Financial Management Network

403(B) 101

What is a 403(b) plan?

A 403(b) plan is a special type of employer-sponsored retirement plan for certain religious, public educational, and tax-exempt organizations.

There are some significant beneifts with a 403(b) plan. First, you can get a tax deduction for your contributions into the pre-tax account. Or, you can forego the tax deduction and contribute into the Roth 403(b) where you'll never be taxed on investment gains again. Second, you'll be able to make contributions into a retirement plan while overseas/out of the US and claiming the full foreign earned income credit (FEI). Utilizing the FEI can disqualify you from contributing to retirement plans like IRAs and Roth IRAs. The 403(b) however allows for contributions even while using the FEI. Finally, with the 403(b) you gain access to professional money managers and allocation advice through FMN via the LifeSpan allocations.

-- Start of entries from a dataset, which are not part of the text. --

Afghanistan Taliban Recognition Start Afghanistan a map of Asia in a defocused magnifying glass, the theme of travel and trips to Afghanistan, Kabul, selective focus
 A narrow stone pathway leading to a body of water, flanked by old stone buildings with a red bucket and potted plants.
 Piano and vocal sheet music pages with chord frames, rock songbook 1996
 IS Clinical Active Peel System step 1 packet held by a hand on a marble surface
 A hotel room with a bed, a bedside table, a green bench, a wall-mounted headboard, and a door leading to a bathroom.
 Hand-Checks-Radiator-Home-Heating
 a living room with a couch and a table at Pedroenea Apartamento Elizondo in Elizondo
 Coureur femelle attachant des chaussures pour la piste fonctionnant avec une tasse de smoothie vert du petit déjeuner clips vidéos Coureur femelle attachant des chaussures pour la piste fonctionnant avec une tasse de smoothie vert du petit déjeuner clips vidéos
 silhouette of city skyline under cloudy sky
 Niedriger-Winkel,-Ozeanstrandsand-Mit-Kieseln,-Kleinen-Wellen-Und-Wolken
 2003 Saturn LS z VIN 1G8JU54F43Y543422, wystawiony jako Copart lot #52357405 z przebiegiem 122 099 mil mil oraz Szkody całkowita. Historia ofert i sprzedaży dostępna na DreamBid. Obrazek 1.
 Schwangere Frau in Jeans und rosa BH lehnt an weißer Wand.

Wycliffe has a 403(b) plan in place that utilizes two different funding vehicles - mutual funds, and Lincoln stable value.” The mutual funds are a diverse mix that cover virtually all asset classes. The Stable Value Fund has no exposure to the stock or bond market. It is a fund that pays a fixed interest rate (adjusted quarterly) backed by Lincoln Financial. For more info on the Stable Value Fund click on the tab below.

What is the contribution limit for 403(b) plans? The Internal Revenue Code (IRC) contains overlapping limitations that apply when determining exactly how much can be put into a 403(b) plan.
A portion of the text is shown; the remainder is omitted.